ASSIGNMENT -
Each line with the word "Closeup" must appear in the answer, copied from the records.

DATA RECORDS Start Marker

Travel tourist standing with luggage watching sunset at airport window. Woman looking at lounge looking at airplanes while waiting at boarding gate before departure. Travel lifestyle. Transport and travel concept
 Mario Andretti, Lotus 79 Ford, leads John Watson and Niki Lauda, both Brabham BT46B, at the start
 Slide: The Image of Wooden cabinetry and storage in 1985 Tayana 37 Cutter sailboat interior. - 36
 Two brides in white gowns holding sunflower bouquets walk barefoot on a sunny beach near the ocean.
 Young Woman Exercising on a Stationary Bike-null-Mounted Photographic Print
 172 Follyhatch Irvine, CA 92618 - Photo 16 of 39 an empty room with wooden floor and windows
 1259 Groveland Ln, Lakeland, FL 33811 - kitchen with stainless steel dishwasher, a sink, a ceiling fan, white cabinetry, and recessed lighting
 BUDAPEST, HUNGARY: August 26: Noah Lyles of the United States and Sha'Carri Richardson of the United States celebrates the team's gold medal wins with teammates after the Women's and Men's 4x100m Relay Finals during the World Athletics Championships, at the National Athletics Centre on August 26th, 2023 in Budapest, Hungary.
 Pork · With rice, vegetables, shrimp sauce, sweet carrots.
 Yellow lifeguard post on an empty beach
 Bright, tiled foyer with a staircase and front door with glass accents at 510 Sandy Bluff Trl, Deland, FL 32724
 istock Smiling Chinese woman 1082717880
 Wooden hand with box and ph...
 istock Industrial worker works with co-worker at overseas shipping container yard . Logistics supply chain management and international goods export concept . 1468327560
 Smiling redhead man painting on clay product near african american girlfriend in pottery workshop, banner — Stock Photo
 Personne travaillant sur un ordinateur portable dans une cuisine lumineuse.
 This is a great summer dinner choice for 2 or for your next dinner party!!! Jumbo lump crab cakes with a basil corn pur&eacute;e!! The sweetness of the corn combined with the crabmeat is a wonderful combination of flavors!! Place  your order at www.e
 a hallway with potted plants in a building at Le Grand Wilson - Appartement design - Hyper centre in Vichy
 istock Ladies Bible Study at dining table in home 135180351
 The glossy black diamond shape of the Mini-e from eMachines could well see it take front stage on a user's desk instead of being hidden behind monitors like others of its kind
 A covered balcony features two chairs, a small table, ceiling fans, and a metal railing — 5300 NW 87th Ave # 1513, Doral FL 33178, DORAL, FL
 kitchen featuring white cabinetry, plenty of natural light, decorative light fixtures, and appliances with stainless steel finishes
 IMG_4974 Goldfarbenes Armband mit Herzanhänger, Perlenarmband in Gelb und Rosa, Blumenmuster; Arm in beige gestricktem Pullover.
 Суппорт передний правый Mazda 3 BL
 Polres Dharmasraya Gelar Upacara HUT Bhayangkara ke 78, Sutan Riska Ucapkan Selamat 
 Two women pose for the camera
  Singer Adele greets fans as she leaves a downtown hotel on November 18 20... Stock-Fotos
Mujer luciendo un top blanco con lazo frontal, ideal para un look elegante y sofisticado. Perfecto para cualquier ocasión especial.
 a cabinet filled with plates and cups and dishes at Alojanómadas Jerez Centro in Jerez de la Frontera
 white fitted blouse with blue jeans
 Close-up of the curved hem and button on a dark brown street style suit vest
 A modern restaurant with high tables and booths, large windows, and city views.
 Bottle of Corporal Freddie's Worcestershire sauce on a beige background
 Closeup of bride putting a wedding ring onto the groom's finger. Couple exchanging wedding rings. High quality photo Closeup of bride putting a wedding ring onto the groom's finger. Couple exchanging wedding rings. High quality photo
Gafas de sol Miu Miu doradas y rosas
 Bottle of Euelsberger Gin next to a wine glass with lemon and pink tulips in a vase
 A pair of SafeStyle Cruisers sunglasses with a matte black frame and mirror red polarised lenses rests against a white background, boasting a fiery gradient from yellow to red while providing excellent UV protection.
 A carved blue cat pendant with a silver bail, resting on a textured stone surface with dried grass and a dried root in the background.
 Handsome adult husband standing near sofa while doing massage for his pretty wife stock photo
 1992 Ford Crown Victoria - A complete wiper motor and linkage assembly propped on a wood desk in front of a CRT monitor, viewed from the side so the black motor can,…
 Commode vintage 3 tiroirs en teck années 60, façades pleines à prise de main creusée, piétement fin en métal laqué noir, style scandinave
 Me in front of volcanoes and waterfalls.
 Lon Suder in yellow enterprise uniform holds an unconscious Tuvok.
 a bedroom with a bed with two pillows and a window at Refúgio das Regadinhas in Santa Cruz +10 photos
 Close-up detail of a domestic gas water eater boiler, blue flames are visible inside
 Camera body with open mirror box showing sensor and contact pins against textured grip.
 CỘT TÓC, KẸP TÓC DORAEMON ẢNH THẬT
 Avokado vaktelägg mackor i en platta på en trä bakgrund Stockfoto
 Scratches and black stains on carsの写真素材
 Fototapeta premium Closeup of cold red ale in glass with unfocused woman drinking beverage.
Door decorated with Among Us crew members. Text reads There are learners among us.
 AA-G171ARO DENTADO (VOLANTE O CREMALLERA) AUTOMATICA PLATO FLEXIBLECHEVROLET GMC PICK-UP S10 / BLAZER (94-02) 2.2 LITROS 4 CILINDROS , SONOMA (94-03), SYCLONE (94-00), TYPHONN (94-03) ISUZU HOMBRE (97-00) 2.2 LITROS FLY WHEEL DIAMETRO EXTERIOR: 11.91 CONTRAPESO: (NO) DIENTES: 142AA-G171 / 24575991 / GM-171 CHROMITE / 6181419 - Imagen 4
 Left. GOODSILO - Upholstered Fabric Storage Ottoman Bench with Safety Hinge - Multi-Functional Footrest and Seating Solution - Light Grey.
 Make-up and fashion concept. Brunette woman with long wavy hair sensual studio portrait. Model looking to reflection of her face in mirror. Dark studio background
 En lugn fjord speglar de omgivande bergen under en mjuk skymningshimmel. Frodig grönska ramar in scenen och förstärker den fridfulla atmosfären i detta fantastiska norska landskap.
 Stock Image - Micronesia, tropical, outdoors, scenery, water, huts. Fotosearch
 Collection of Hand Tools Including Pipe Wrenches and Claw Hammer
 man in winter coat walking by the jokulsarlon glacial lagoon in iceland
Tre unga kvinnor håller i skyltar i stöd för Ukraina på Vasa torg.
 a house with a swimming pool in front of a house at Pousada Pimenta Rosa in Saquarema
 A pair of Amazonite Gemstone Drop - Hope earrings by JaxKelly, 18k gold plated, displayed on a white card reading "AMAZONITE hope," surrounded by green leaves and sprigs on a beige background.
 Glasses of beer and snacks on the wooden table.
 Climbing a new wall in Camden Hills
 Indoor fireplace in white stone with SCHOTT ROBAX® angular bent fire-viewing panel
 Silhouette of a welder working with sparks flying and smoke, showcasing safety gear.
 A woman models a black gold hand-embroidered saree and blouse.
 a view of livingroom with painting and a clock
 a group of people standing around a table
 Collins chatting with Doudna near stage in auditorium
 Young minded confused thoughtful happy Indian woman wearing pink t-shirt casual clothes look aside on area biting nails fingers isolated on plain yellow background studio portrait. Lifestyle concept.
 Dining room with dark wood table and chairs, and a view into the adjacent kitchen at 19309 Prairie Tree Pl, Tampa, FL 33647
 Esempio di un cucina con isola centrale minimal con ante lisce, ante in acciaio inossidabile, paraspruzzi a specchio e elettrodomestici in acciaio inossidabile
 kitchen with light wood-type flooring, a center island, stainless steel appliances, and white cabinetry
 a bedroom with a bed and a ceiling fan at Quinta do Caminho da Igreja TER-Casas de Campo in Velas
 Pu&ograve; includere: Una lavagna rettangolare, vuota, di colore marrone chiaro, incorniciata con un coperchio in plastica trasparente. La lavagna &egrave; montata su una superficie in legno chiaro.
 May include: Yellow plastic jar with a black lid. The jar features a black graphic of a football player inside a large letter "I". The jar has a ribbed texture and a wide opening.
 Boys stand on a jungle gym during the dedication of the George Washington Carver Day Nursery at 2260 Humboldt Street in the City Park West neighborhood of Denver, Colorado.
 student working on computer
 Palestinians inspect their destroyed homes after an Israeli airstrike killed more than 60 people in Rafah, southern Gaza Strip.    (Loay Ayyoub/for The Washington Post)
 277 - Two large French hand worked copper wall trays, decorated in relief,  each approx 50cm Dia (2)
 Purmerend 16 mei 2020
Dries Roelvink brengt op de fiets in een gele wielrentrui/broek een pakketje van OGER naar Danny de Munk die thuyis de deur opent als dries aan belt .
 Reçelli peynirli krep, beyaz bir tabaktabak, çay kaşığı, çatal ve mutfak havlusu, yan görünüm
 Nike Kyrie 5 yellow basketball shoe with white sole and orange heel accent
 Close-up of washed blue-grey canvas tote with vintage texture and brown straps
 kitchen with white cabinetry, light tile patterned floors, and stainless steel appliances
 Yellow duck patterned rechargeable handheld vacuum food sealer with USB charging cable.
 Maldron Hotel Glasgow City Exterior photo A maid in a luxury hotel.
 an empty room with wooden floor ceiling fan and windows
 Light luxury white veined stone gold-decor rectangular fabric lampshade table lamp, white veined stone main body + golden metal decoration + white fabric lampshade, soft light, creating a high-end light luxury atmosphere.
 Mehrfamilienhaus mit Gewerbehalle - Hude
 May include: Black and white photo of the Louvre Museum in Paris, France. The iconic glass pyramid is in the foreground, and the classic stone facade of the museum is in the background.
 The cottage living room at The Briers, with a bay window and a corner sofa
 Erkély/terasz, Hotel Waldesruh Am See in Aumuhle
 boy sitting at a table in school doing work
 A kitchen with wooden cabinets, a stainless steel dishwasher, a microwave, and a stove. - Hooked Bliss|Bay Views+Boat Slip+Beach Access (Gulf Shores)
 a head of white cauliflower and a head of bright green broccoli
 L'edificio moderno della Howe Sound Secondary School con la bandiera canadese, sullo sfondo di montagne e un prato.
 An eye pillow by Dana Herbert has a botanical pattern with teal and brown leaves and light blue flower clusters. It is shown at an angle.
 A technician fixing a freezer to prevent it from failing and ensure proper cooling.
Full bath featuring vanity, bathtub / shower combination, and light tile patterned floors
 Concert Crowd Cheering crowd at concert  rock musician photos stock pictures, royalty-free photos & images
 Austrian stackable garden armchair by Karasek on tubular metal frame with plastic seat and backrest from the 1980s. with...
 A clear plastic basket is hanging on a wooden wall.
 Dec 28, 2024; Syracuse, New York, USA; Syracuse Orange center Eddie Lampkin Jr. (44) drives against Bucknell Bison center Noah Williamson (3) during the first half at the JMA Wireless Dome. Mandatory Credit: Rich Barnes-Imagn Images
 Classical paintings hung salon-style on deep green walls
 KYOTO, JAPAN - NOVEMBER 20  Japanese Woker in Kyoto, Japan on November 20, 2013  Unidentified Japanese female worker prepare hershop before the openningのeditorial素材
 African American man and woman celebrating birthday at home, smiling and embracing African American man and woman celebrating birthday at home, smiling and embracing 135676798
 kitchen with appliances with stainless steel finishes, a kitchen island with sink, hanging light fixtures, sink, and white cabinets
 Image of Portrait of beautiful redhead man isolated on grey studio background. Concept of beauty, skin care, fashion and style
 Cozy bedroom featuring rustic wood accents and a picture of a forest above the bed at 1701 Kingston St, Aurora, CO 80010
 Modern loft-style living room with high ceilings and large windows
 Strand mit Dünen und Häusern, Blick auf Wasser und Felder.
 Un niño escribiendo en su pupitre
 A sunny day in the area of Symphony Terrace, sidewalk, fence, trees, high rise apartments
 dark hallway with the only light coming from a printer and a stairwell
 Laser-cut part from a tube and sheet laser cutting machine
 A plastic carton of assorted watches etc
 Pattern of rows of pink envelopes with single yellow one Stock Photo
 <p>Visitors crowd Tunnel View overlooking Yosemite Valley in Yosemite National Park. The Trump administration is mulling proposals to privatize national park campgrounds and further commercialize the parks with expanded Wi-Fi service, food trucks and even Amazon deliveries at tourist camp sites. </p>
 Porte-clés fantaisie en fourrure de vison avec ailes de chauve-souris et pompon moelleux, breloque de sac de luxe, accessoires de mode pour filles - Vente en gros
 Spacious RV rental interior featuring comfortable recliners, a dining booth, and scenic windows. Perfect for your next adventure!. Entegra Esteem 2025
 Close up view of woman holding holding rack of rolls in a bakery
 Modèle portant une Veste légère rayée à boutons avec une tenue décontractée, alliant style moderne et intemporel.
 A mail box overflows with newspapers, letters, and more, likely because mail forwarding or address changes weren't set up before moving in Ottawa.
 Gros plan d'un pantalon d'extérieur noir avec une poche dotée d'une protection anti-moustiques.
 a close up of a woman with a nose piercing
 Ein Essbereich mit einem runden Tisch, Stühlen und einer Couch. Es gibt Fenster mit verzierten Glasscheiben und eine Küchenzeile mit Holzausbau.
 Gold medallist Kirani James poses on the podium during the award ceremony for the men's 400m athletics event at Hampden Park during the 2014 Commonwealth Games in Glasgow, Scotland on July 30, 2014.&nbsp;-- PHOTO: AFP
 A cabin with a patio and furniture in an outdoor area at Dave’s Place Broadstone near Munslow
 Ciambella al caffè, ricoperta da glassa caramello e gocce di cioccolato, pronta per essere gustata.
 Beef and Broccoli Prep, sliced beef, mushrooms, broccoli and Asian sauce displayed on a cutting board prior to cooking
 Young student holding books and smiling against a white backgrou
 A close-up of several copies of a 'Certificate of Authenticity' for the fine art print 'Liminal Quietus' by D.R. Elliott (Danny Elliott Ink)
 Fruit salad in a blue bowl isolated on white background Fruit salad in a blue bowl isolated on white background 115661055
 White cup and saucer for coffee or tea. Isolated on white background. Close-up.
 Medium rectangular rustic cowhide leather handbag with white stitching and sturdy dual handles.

DATA RECORDS End Marker

YOUR RESPONSE -
 Closeup of bride putting a wedding ring onto the groom's finger. Couple exchanging wedding rings. High quality photo Closeup of bride putting a wedding ring onto the groom's finger. Couple exchanging wedding rings. High quality photo
 Fototapeta premium Closeup of cold red ale in glass with unfocused woman drinking beverage.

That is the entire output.